ロボットの手を借りて乗り越える研究の壁
信頼できるデータは科学の基礎です。その基礎の上にこそ「知の聖堂」を築くことができます。この観点からすると、生物材料からの試料調製はやりがいのある難題です。「問題は試料の均質性です」と語るのは、沖縄科学技術大学院大学(OIST)の機器分析セクションでアシスタントマネージャーを務めるアレハンドロ・ビジャールブリオネス氏です。「この問題には人間の要素が関わっています。つまり、実験を行う研究者や技術員は一人一人が違うし、数年の訓練を受けた後でも、生物学的解析に用いる試料調製は、やはり難しいものです。例えばDNAやRNAあるいはタンパク質の抽出において、多数の試料調製のため数百回も同じ手順を繰り返すような場合、最後に得られた試料のセットには必ずばらつきが生じてしまうことになります。」試料調製の技術や手順の習得には時間がかかるので、経験の浅い研究者が実験するときには、この問題はより深刻です。現代の科学界の情勢の中では、技術の修行に十分な時間を確保するのは必ずしも容易なことではありません。

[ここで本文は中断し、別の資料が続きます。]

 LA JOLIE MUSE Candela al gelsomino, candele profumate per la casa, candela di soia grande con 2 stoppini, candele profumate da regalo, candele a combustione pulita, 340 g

この問題を解決するため、最近OISTでは、 新しい試料調製ロボットを導入しました。「目的は、OISTの研究者が、極めて緻密に調製された試料を基礎とする、優れた研究成果を生み出せるように支援することです。」と、ビジャールプリオネス氏は言います。「ロボットの作業速度は技術員より早いわけではありません。しかし、熟練した技術員がするよりも、非常に安定して、より均質な試料を調製することができるのです。しかも、ロボットは昼夜を問わず週末でも作業することができるため、速度の遅さなどは実際にはすぐに挽回できて、制約にはなりません。」
例えば、存在量の少ないタンパク質を研究する際には、調整した試料中での目的分子の濃度が極めて低いため、試料の品質ということが特に重要となります。実験結果を検証するためには、繰り返しの実験の中で、できるだけ多くの試料中に目的の分子が確実に含まれていなくてはなりません。ロボットはさらに、貴重で希少な生物材料を失ってしまうような実験操作上のミスを減らす効果ももたらします。「研究材料のなかには非常に希少で何度も繰り返して入手するのが困難なものがあります。このような貴重なサンプルを無駄にしたくありません。」と、ビジャールプリオネス氏は説明します。
今回導入したのは、荷重10Kgまでの物をあらゆる方向に運べる、強力で非常に柔軟な腕を2本持った人のような形をしたロボットです。長時間にわたる作業の精密さを維持するためにはこの並外れた「腕力」が必要です。このロボットは、ピペットや遠心分離機や超音波破砕機、濃縮機など、実験室に普通にある機器を使用して行う、多種多様な実験ができるように設計されています。現在ロボットは試験運用の最終段階にありますが、今後OISTの研究者にとって大切な資産となることでしょう。